When my friends learned about it they all had the same question for me, ‘were you close to your uncle?’ I believe they asked me this because at times people aren’t attached to their aunt’s husband as they are to their aunt and I was not offended by it and replied that, after my aunt’s demise, it was his presence that reminded me of her and consoled that someone is there to represent her even when she is not physically among us. But, as I thought through, I realized that’s not the only reason why I adored my uncle, to say the least, he was a complete gentleman with a warm and kind smile always there, like a priceless jewel spread from ear to ear. Whenever anyone asked him how he was he had the same words like a beaded tasbeeh to his tongue, ‘Shukar hai Parwardigaar ka’. Never have I ever heard him being ungrateful or speaking of his troubles and I was always left with the thought that how could a person’s life be so calm and composed at all times. Never have I ever heard him being loud, or being irritated by someone, his nature becoming so difficult for me to understand that why does he never get angry on us being unruly, like other elders do?

While leaving the premises of the Masjid after giving condolences, an aunty asked me about who passed away and I said Saifuddin Cyclewala, but she couldn’t recall so I said, ‘do you know Mexico dry cleaners?’ And she immediately realized who I spoke of, and this isn’t the first time I’ve experienced explaining my Phuppa to anyone, most people know him by that in Sadar because he was so dedicated to his work, but to what degree, that I learnt it on the day of his demise. My cousin told me that he took the expensive and sensitive clothes that came for dry cleaning to home and would wash by himself in this harsh and cold weather, and I was awestruck, a man in his 80s, facing so many issues with illness could be so thoughtful for his customers.

But that was my Phuppa, who through his optimistic approach was liked by so many people that the Masjid was full when I arrived to recite the last verses for him, it is often said that a person is known by how many people appear for his funeral, and I knew that was right, for a cold morning like this, at 9 am, one could only come out for a loved one.
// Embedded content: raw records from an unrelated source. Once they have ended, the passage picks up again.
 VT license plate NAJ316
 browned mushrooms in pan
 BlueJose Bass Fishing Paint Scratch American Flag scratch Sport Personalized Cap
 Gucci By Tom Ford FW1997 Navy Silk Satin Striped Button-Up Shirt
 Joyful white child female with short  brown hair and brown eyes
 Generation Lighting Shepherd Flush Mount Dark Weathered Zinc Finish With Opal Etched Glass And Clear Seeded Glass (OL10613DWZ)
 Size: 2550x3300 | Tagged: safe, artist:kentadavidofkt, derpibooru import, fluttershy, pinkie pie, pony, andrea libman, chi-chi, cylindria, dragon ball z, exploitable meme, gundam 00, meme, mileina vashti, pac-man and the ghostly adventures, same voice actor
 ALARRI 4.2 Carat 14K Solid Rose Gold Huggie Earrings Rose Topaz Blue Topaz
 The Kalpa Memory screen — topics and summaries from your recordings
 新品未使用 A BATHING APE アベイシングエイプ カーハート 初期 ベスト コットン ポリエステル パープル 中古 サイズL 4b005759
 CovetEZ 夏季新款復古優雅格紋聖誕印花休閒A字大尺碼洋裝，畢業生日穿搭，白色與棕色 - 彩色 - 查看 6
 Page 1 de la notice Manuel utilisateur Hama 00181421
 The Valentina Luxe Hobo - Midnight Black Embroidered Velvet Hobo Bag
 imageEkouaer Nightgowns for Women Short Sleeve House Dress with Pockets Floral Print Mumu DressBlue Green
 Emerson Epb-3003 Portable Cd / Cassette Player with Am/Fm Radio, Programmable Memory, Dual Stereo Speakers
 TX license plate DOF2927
When Phuppi passed away he was sitting silently, and in a low but strong voice he said, ‘Zulekha (my aunt) looked like a bride, like how I married her, in the white kafan’. As much as I am broken by his death, I’m comforted that Phuppi will be reunited with him in Jannah and I only pray for both of them to receive the highest ranks in Heaven.

While I get flashbacks of the times I’ve met him, I can mostly think of me passing by his store and doing my greetings and he smiling and saying, ‘beta ghar pe upar ao na’, and I refusing to do so like every time saying, ‘phir kabhi aungi’ and leave his shop. What did I know there would be no phir kabhi and I’ll find his shop empty the next time I arrive.

Your ungrateful yet loving bhatiji,

Ruqaiya Lokhand.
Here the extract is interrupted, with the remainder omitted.